Pekerja Digaji Rendah, Pertumbuhan Kelas Menengah Terhambat
Kemudahan investasi harus diseimbangkan dengan jaminan upah dan perlindungan yang layak bagi pekerja. Pekerjaan yang layak dan berkualitas dibutuhkan untuk naik kelas menjadi negara berpendapatan tinggi.
Oleh
Agnes Theodora
·5 menit baca
JAKARTA, KOMPAS — Laporan Bank Dunia menunjukkan mayoritas pekerja Indonesia masih dibayar dengan upah rendah dan perlindungan kerja yang lemah. Jika tidak segera diantisipasi, minimnya lapangan kerja yang layak dan berkualitas itu dapat menghambat pertumbuhan kelas menengah serta pemulihan ekonomi Indonesia pascapandemi Covid-19.

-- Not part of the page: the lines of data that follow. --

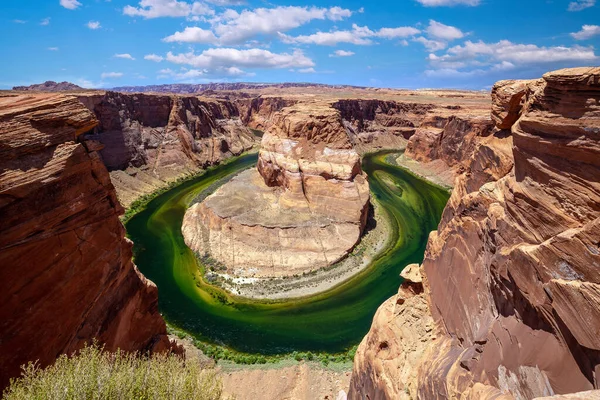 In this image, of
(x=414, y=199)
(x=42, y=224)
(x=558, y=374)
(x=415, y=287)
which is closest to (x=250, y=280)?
(x=415, y=287)

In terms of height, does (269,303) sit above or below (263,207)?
below

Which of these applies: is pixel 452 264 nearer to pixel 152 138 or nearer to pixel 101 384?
pixel 101 384

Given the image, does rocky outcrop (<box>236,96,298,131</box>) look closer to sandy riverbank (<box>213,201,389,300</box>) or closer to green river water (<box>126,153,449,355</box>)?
green river water (<box>126,153,449,355</box>)

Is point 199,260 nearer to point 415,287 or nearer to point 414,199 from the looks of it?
point 415,287

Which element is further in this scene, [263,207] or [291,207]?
[263,207]

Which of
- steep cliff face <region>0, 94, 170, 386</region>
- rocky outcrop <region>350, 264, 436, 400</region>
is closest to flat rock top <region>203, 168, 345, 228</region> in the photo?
rocky outcrop <region>350, 264, 436, 400</region>

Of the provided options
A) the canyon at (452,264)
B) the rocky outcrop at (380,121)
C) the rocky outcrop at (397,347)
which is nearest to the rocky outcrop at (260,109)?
the rocky outcrop at (380,121)

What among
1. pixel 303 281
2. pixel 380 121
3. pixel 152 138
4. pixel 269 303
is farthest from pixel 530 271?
pixel 380 121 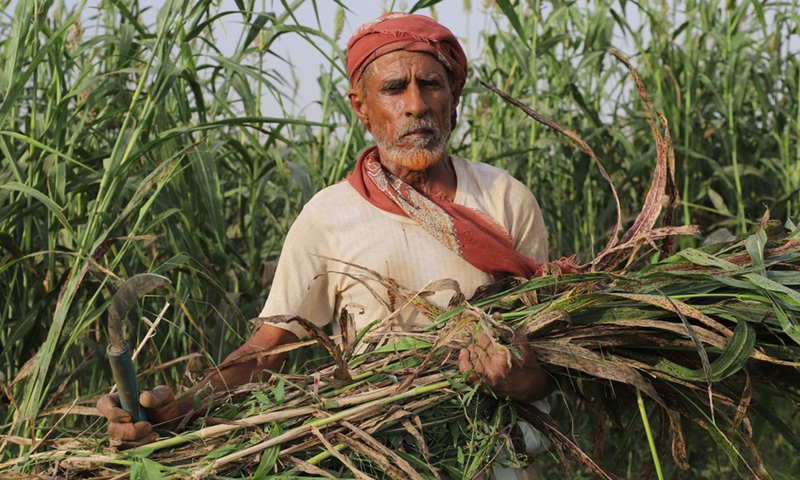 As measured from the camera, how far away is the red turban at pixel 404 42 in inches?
83.1

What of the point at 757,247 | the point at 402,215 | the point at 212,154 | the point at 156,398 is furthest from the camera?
the point at 212,154

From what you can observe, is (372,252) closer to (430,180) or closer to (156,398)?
(430,180)

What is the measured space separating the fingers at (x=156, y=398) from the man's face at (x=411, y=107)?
2.51 feet

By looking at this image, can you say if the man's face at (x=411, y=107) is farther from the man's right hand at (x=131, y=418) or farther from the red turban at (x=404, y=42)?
the man's right hand at (x=131, y=418)

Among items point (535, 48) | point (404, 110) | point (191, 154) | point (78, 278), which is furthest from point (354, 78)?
point (535, 48)

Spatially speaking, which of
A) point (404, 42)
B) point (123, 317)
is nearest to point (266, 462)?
point (123, 317)

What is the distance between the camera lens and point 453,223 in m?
2.01

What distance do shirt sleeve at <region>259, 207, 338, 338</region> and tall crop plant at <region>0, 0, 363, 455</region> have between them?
141mm

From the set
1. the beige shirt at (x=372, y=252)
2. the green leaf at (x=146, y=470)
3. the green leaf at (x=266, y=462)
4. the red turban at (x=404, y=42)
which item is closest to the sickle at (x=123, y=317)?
the green leaf at (x=146, y=470)

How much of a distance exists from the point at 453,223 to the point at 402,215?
0.41 ft

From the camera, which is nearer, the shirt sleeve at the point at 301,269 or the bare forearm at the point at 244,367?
the bare forearm at the point at 244,367

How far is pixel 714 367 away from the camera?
5.30ft

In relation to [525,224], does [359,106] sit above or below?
above

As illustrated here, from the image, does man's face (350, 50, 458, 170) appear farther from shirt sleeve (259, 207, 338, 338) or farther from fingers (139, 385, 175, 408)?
fingers (139, 385, 175, 408)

Dalam laporan ”Prospek Ekonomi Indonesia Mempercepat Pemulihan” edisi Juni 2021, Bank Dunia menggarisbawahi, jika ingin naik kelas menjadi negara berpendapatan tinggi, Indonesia perlu segera membenahi kebijakannya untuk menciptakan lebih banyak lapangan kerja yang layak dan berkualitas.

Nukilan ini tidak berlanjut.